続・帰ってきた泉屋博古館 ~近代の美術、もうひとつの在り方~

京都・泉屋博古館にて開催中の展覧会「続・帰ってきた泉屋博古館 ~近代の美術、もうひとつの在り方~」を拝観した。1970年の大阪万博の年に開館した同館が、2025年の万博に呼応するかたちで開催している企画展である。

今回特筆すべきは、展覧会用に制作された作品ではなく、須磨の住友本家の居間や応接間を飾り、客人をもてなすために収集・設置された作品が多く展示されている点であろう。美術館展示とは趣を異にする、美と生活との結びつきが浮かび上がる内容であった。

会場に足を踏み入れてまず目を引くのは、香田勝人による《乱菊図》である。大画面に咲き乱れる菊は、力強さと華やかさを兼ね備えており、冒頭から鮮烈な印象を与える。展示の終盤には、木島櫻谷の《菊花屏風》と《燕子花図屏風》が静かに控えていた。いずれも客間に飾られていたものであり、大正6年の作ながら、まるで現在に描かれたかのような瑞々しさを保ち、観る者の目を惹きつけていた。

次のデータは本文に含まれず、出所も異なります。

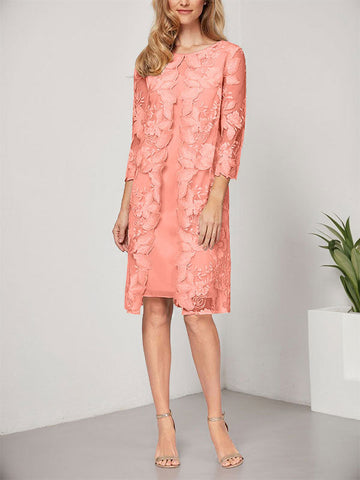 Vestido de corte A, escote redondo, largo hasta la rodilla, de gasa y encaje, para la madre de la novia, con chaqueta. 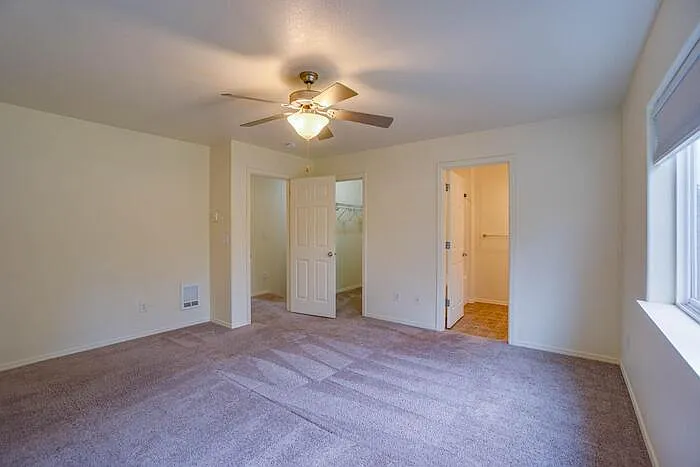 1821 NE 88th Cir — Photo 20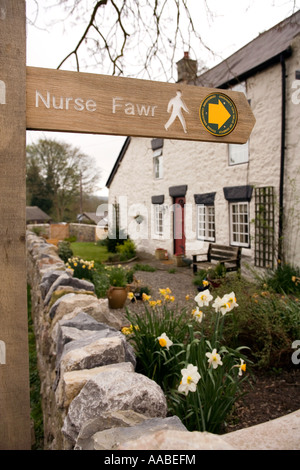 UK Wales Clwyd Llanarmon yn Infirmière Ial Fawr sentier sign passé cottage blanchis Banque D'Images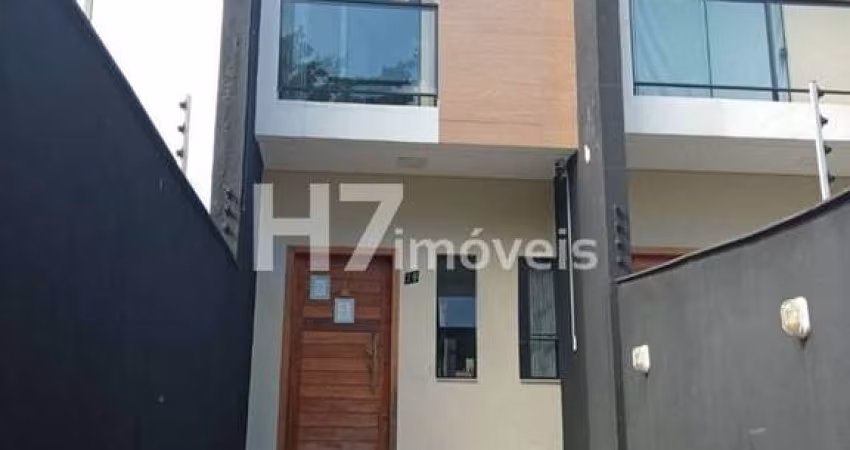 Casa Geminada semi mobiliada com 2 Suítes, Iririú - Joinville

展示作の中でも、最初に視界に入る板谷波山の《葆光彩磁珍果文花瓶》はひときわ際立っていた。この花瓶には「葆光(ほこう)」と呼ばれる釉薬が施され、柔らかな光を帯びた独特の輝きを放っている。また、本作は近代陶芸として初めて重要文化財に指定された作品でもあり、今回の展示の中で唯一の重文指定作でもある。

展示空間は整然としており、照明や解説も過不足なく、作品と落ち着いて向き合うことができた。派手さはなくとも、展覧会の企図が明快に伝わる佳展であった。

「もうひとつの在り方」とは、展覧会での評価や美術史の中心的文脈とは異なる、個人のまなざしによって収集された美術品の在り方であろう。日常の空間に作品を迎え入れ、作家の実験や冒険に対して共鳴し、支援するような収集の姿勢が随所に感じられた。

泉屋博古館という場が持つ時間の厚みとともに、静かな問いを観る者に投げかける展覧会であった。